For the records below, copy exactly the span that begins at the line containing "Ashika KCK307 - Комплект" and stops after the line containing "Oliveri VE103506FMB Venice", minus any pictures.

*** Opening of DATA UNDER STUDY ***

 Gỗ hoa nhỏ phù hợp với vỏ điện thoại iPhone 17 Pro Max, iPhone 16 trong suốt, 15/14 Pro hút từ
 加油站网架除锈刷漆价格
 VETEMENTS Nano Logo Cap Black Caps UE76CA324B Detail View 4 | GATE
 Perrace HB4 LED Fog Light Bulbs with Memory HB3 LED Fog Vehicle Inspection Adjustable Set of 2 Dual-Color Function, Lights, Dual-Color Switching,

*** Close of DATA UNDER STUDY ***
*** Opening of DATA UNDER STUDY ***

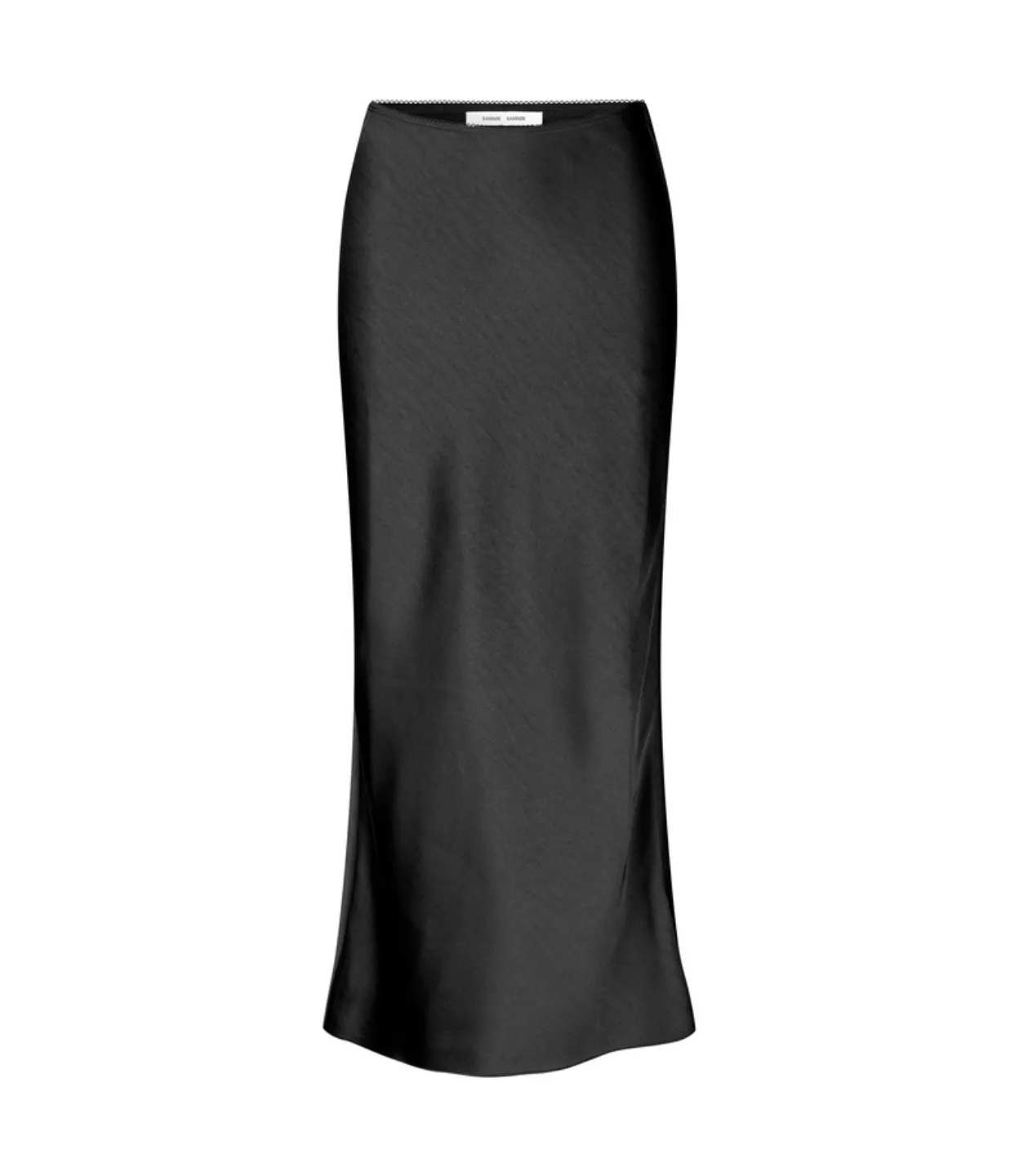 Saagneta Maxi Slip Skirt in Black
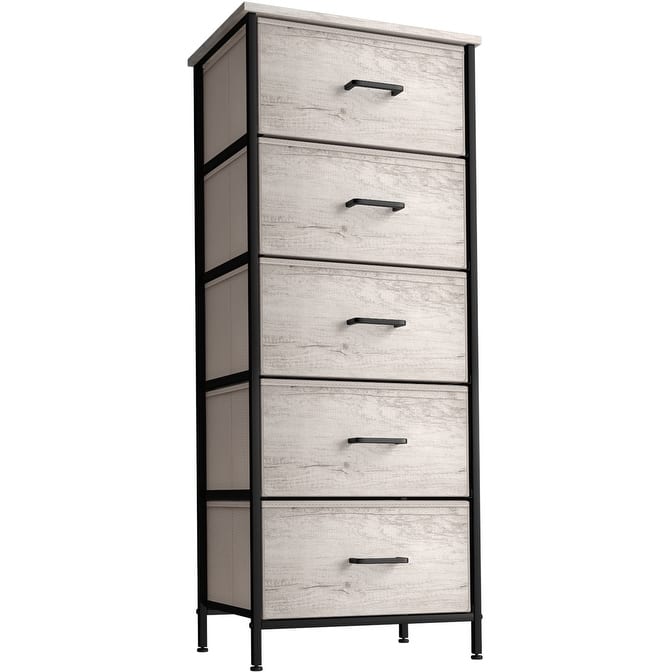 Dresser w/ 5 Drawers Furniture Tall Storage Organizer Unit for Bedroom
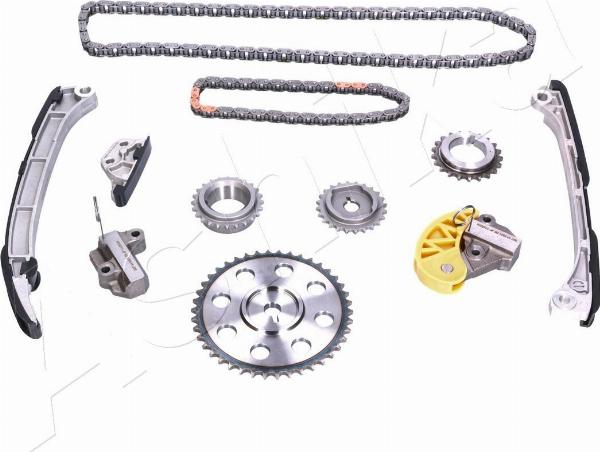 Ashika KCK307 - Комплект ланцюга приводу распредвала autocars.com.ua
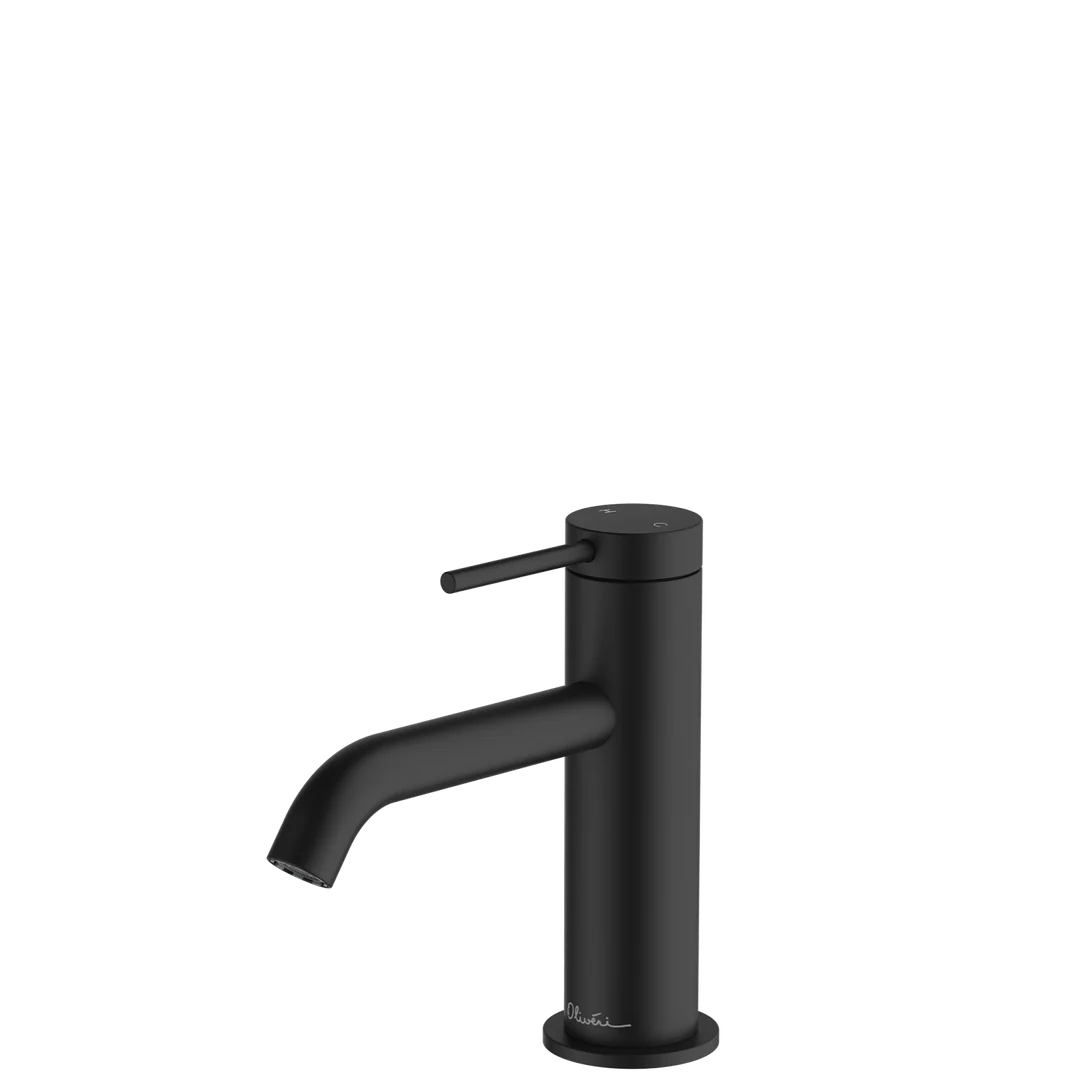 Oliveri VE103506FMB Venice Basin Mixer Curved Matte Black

*** Close of DATA UNDER STUDY ***

*RESPONSE AREA:*
 Ashika KCK307 - Комплект ланцюга приводу распредвала autocars.com.ua
 Oliveri VE103506FMB Venice Basin Mixer Curved Matte Black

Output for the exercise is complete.